Samen met de nieuwe indexsprong wordt +/- 246 miljoen of +/- 3 % uit het totale artsenbudget weggesneden
In het Verzekeringscomité werden voor 2017 al voor meer dan 100 miljoen besparingen aangekondigd bij de artsen omdat de budgetcontrolecommissie “vermoedt” dat het budget 2016 met ongeveer dit bedrag zal overschreden worden. Samen met de nieuwe indexsprong wordt dus +/- 246 miljoen of +/- 3 % uit het totale artsenbudget weggesneden. In haar persbericht van zaterdag heeft de minister het specifiek ook over besparingen in de klinische biologie en de medische beeldvorming, zonder te zeggen hoe. Het akkoord artsen ziekenfondsen van 22.12.2015 stelt onder meer dat overschrijdingen dienen gecompenseerd worden. Dat contract moet uitgevoerd worden, maar niets meer dan dat. Voor beide sectoren gaat het respectievelijk om 13,3 en 14,5 miljoen euro.
Elke euro besparing, groter dan de contractueel te neutraliseren overschrijding in om het even welk begrotingsonderdeel van de artsenhonoraria, zullen we afwijzen.
Het scalpel van Maggie De Block is uitgeschoten en maakt ongewenste littekens. De discriminerende aanslag op de index en elke mogelijke andere niet afgesproken besparing die we allicht maandag 17.10.2016 in de Algemene Raad zullen te horen krijgen, leiden tot het inroepen van het artikel 13.1.2 van het nationaal akkoord artsen ziekenfondsen voor 2016-2017. Als de regering unilaterale besparingen doorvoert zonder wettelijke basis vraagt de BVAS onmiddellijk de uitvoering van dit artikel: de van rechtswege ontbinding per 01.01.2017 van het lopende akkoord artsen – ziekenfondsen.
Gevolgen voor het akkoord
Het akkoord 2016-2017 vermeldt expliciet dat het akkoord in bepaalde omstandigheden niet meer rechtsgeldig is. De Bvas liet deze passage speciaal inbouwen omdat de regering voordien al te vaak terugkwam op gemaakte afspraken. Hier een belangrijke passage die stipuleert dat het akkoord van rechtswege ontbonden wordt 30 dagen nadat onder meer de volgende situatie ontstaat:
13.1.2.1. De bekendmaking in het Belgisch Staatsblad van besparingsmaatregelen die eenzijdig door de regering worden vastgesteld ten aanzien van het huidig begrotingskader, de besparingen en correctiemaatregelen vermeld in het akkoord uitgezonderd.

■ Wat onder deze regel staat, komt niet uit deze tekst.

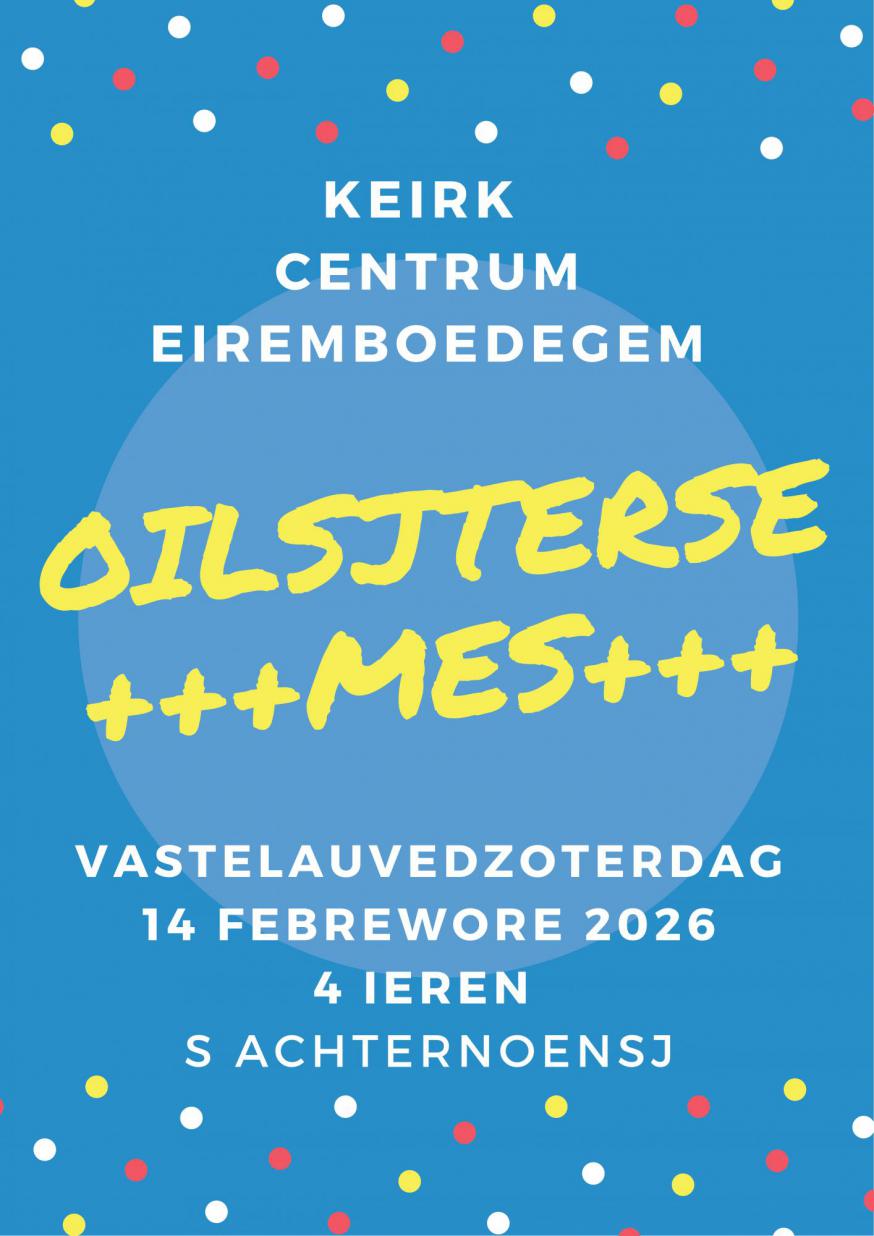 Oilsjterse Mes 2026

Deze passage zegt dus dat het akkoord niet meer geldt als de regering extra-maatregelen neemt buiten die maatregelen die nodig zijn bij budgetoverschrijding. De forse ingreep op de indexering kan zo worden geïnterpreteerd, net als wat men van plan is voor de klinische biologie en de medische beeldvorming, al is dat voer voor juristen.
Verder staan ook de modaliteiten in het akkoord om tot die stap over te gaan:
13.1.2.4. Een representatieve organisatie die een ontbinding van rechtswege wenst in te roepen op basis van voornoemde situaties deelt dit mee aan de Nationale Commissie artsen-ziekenfondsen (NCGZ) binnen een termijn van 15 dagen nadat zij een van voornoemde situaties vaststelt.
13.1.2.5. In dat geval roept de voorzitter van de NCGZ een vergadering bijeen, waarop de minister wordt uitgenodigd.
Overleg blijft dan dus nog mogelijk, maar wel onder een zekere tijdsdruk vooraleer het akkoord van rechtswege niet meer bestaat. Tenzij commissievoorzitter Jo De Cock hier nog een konijn uit zijn hoge hoed tovert.